One of the positive aspects highlighted by the Committee in its concluding observations on Algeria’s eleventh and twelfth periodic reports had been the establishment of an Office of the High Commissioner on Amazigh Status. Some NGOs had expressed reservations about the effectiveness and activities of the Office, reporting that it had no legal or constitutional status, had been allocated inadequate resources and its leaders were not recognized authorities on the Amazigh language or culture. He asked for some clarification in that regard.

The Committee was not interested in the demographic divide per se, but rather its effect on the equal and universal enjoyment of human rights and the legislation and judicial and other institutional mechanisms in place to address such matters.
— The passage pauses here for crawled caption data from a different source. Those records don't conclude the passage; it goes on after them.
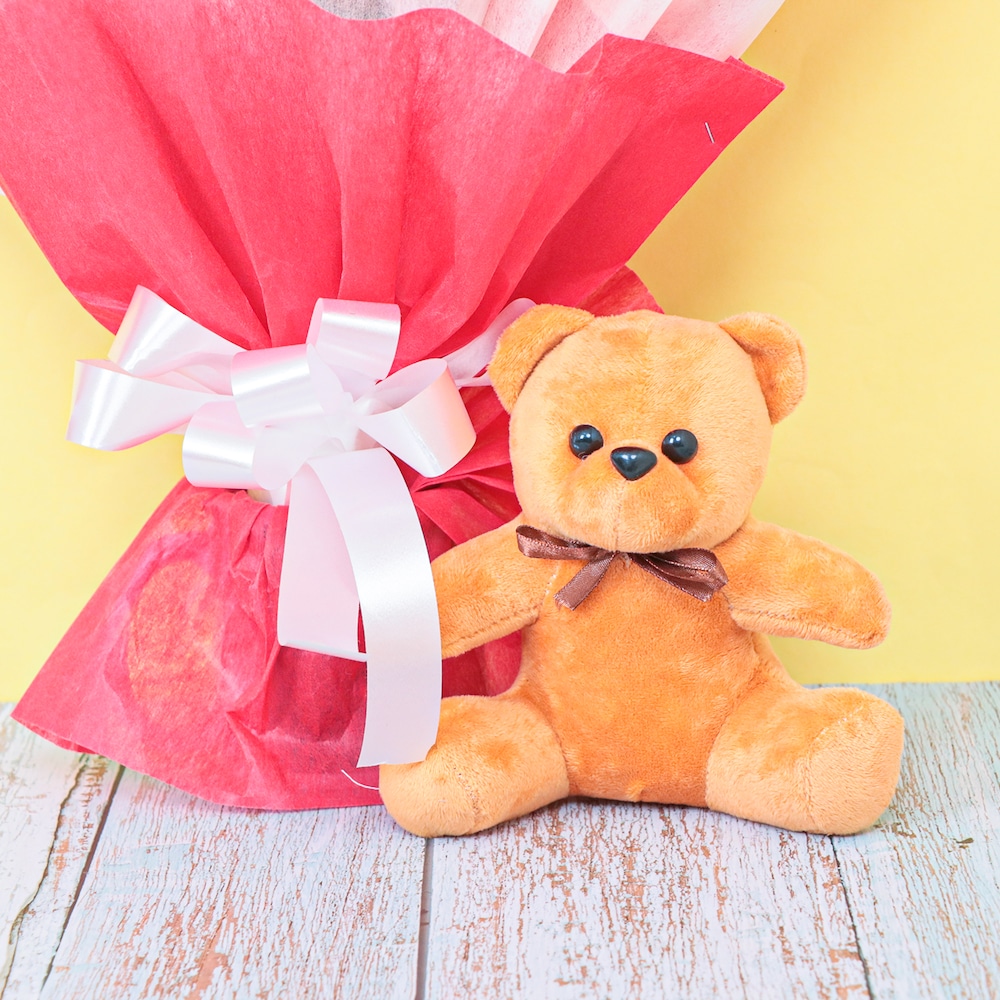 Red Admirable Rose Bouquet | Cake2homes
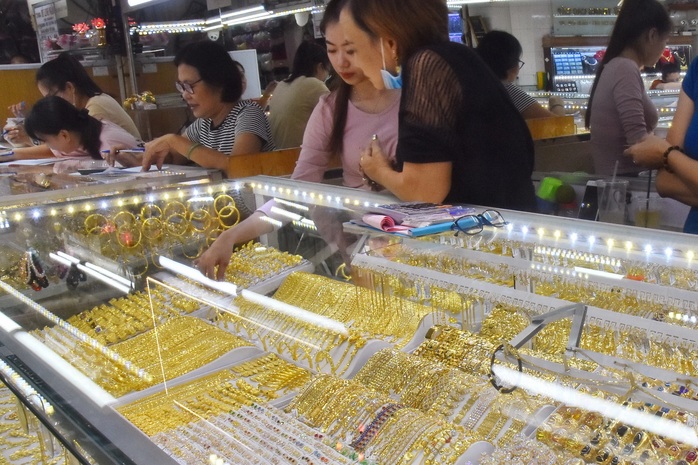 Giá vàng hôm nay, 5-6: Bật tăng khi kinh tế Mỹ suy yếu   - Ảnh 1.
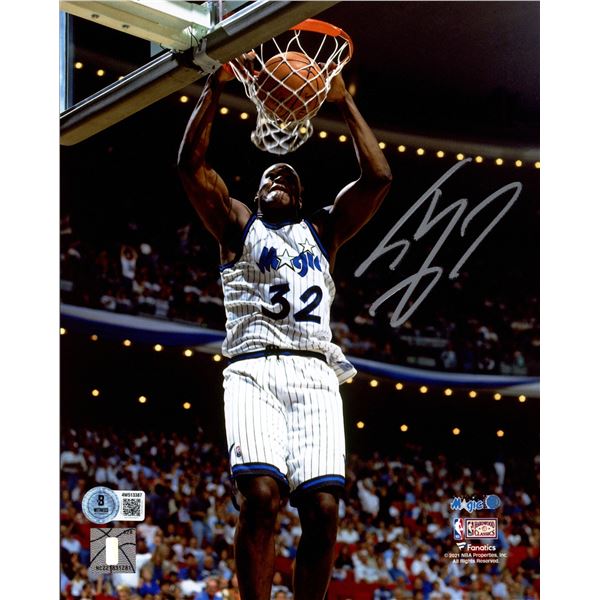 SHAQUILLE O'NEAL SIGNED 8X10 - BECKETT COA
Articles 27 and 42 of the Algerian Constitution prohibited discrimination based on race, language and religion. How were such

provisions enforced, what remedies were available to victims of such discrimination and what punishment would the perpetrators be liable to? The penal provisions referred to in paragraphs 48, 52 and 53 of the report did not appear to refer specifically to racial discrimination as defined in article 1 of the Convention.

Paragraph 50 of the report referred to the provisions of the Constitution, Commune code and Wilaya code establishing a ban on incitement to and encouragement of racial discrimination by public institutions or authorities. He would welcome more information on the existence of corresponding provisions in the Penal Code, the institutional mechanisms to enforce them and any cases dealt with. Referring to article 17 of the Labour Relations Act No. 90-11, described in paragraph 90 of the report, he asked whether the State party did not consider it necessary to provide also for protection against racial discrimination in such matters.

It was important to stress not only the punitive, but also the preventive value of the law in terms of the availability of adequate legal provisions and also the certainty of punishment and the broad dissemination of information on its existence. In that connection, he noted that paragraph 26 of the report cited the accessibility of private citizens to the Human Rights Committee and the Committee against Torture once domestic remedies were exhausted, but failed to refer to the Committee on the Elimination of Racial Discrimination. Algeria had been one of the first States to acknowledge the Committee’s competence to receive and consider individual communications. Had the Algerian people been made aware that such a possibility existed and, if so, in which languages? He reiterated the Committee’s earlier request for information on complaints and court cases relating to acts of racial discrimination and on the right of individuals to seek compensation for damages suffered as a result of such acts.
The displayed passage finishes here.